▶ _Input data_
--- START ---

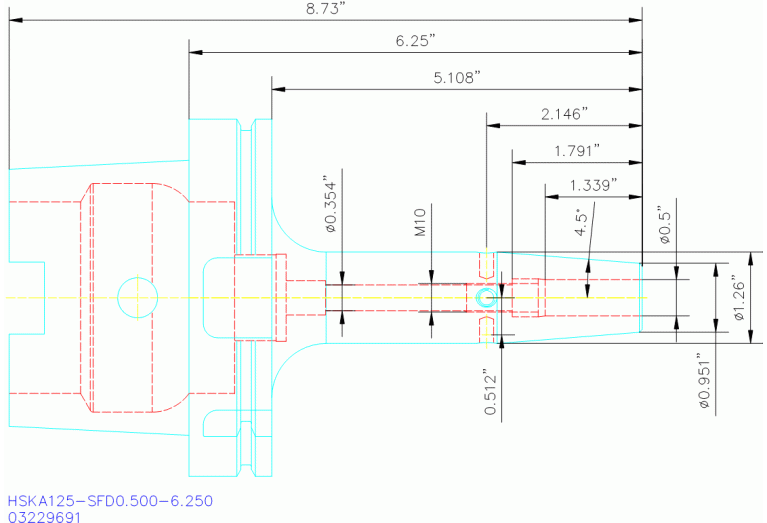 HSKA125-SFD0.500-6.250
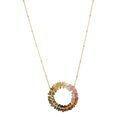 Load image into Gallery viewer, "Harmony" Gold Necklace - Tourmaline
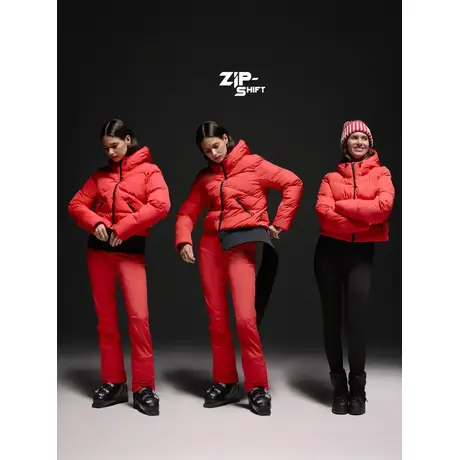 Μπουφάν Protest Γυναικείο PrtPeppy SnowJacket Poppy Red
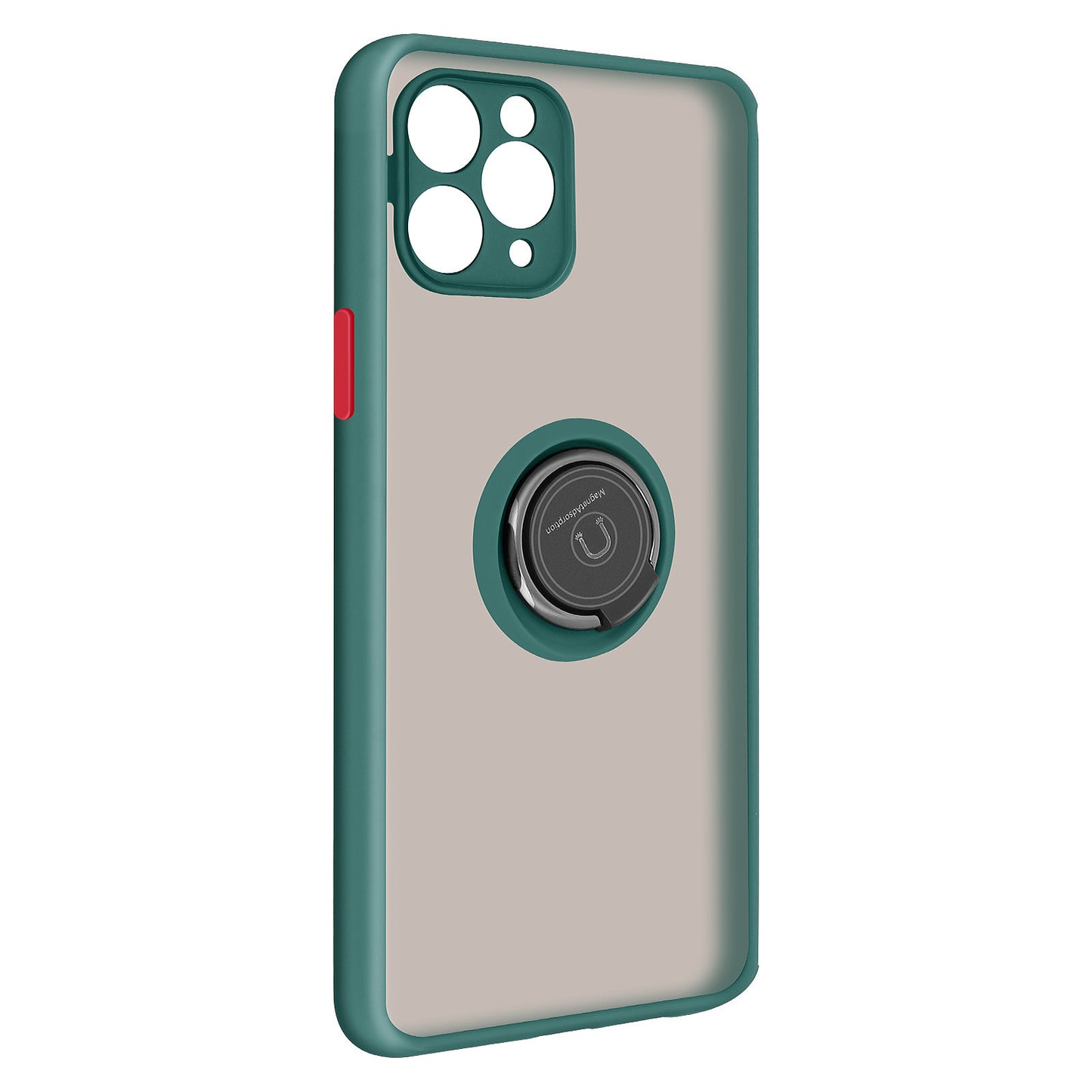 coque iPhone 11 bague verte aimantée flapstore antichoc pas chere vue coté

--- END ---

Any picture in the listing above gets left out; output the rest exactly.

▶ _Result of this task_
 HSKA125-SFD0.500-6.250
 Load image into Gallery viewer, "Harmony" Gold Necklace - Tourmaline
 Μπουφάν Protest Γυναικείο PrtPeppy SnowJacket Poppy Red
 coque iPhone 11 bague verte aimantée flapstore antichoc pas chere vue coté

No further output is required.